++++ Provided material ++++

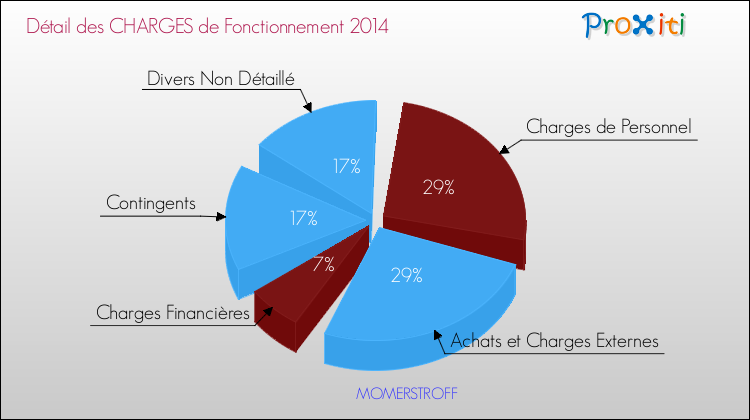 Décomposition des Charges de Fonctionnement 2014 de la commune de MOMERSTROFF Charges de Fonctionnement 2014 pour la commune de MOMERSTROFF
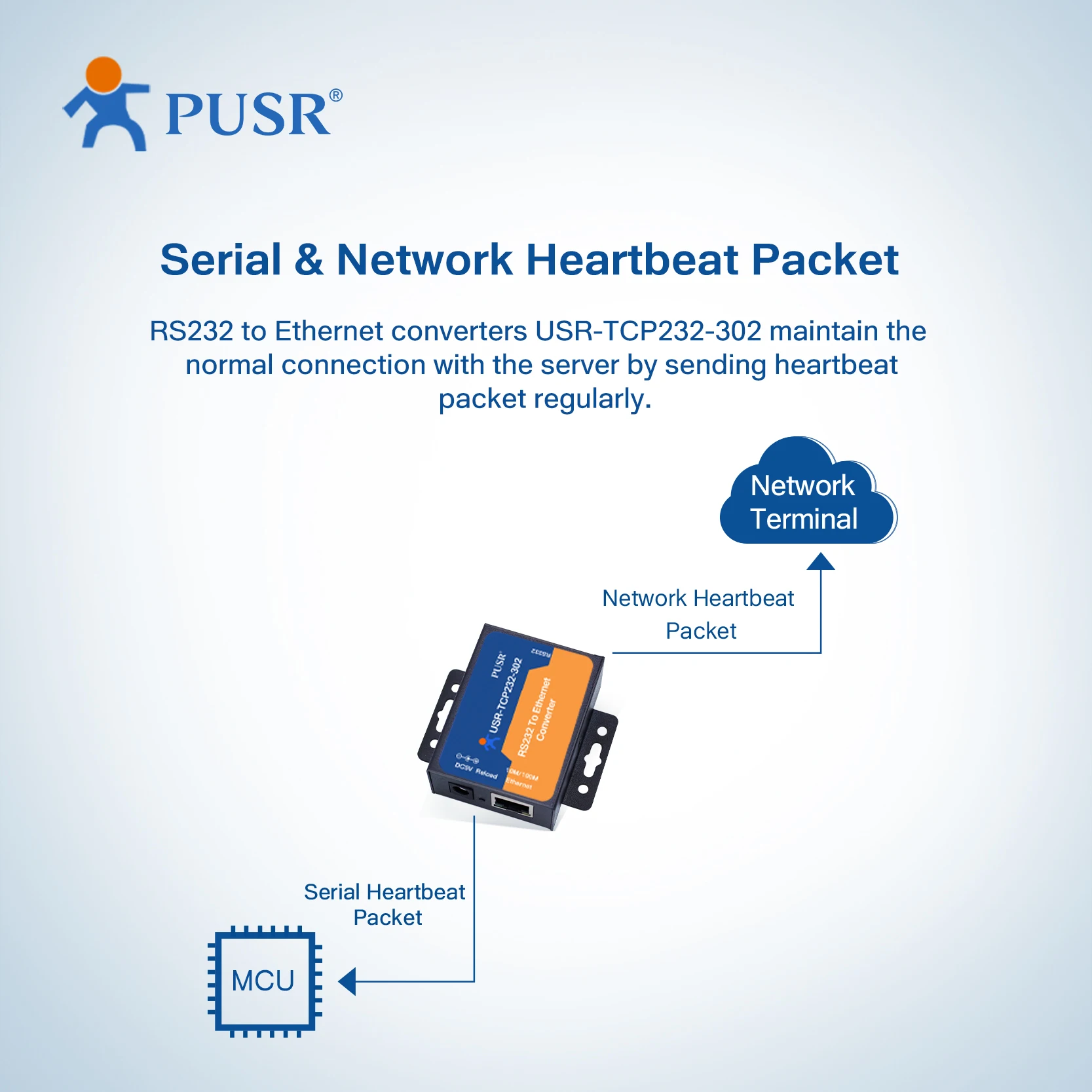 PUSR-RS232 a Ethernet, TCP, IP, compatible con DNS, DHCP, web integrado, Modbus Gateway USR-TCP232-302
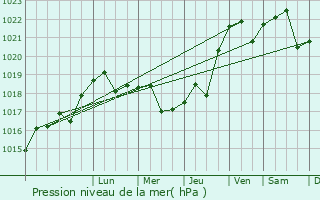 Graphe de la pression atmosphrique prvue pour Tokmak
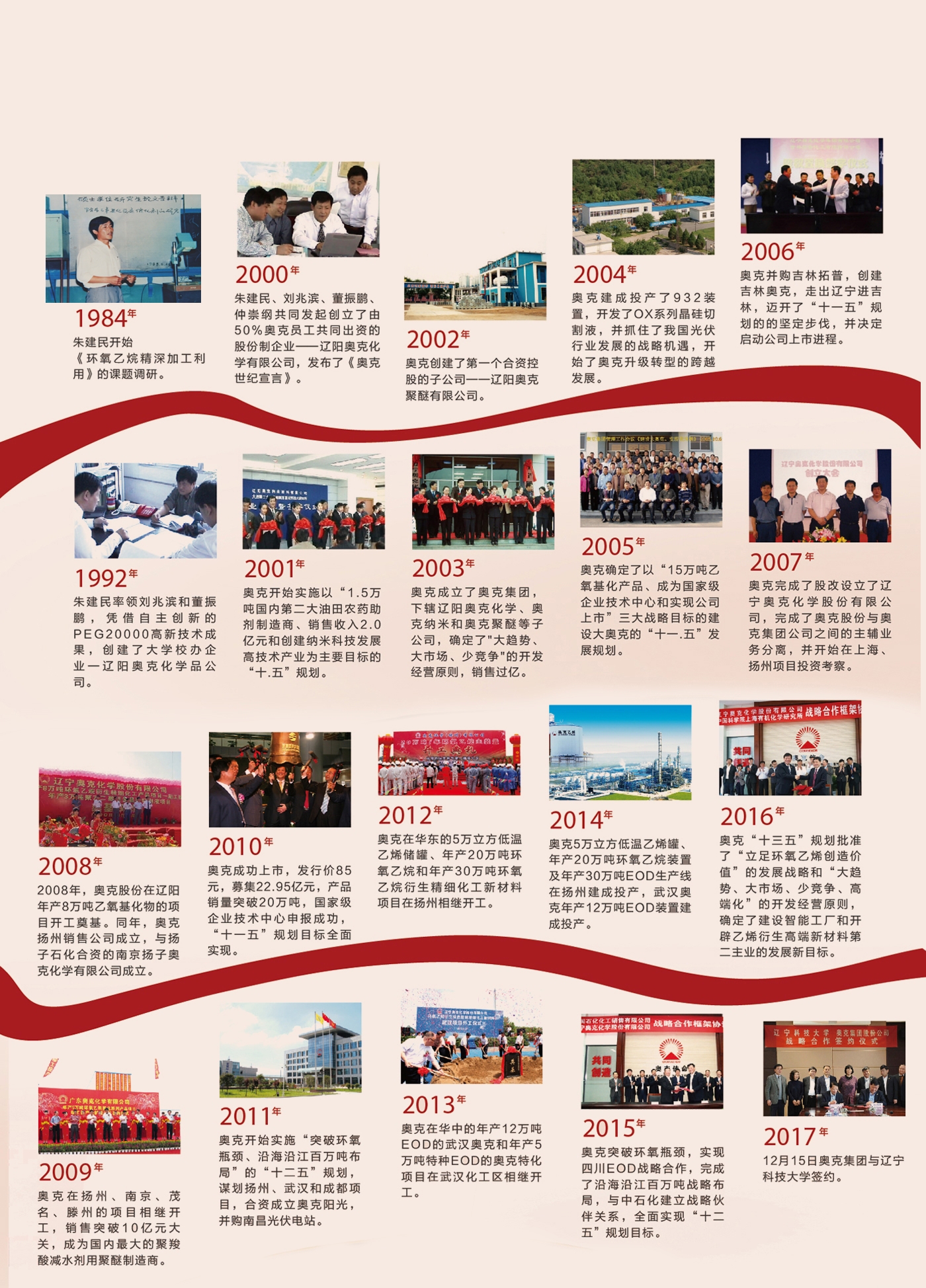 生长历程1.jpg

++++

What needs to be done :: Repeat the data word for word, minus any pictures.

Output ::
 Décomposition des Charges de Fonctionnement 2014 de la commune de MOMERSTROFF Charges de Fonctionnement 2014 pour la commune de MOMERSTROFF
 PUSR-RS232 a Ethernet, TCP, IP, compatible con DNS, DHCP, web integrado, Modbus Gateway USR-TCP232-302
 Graphe de la pression atmosphrique prvue pour Tokmak
 生长历程1.jpg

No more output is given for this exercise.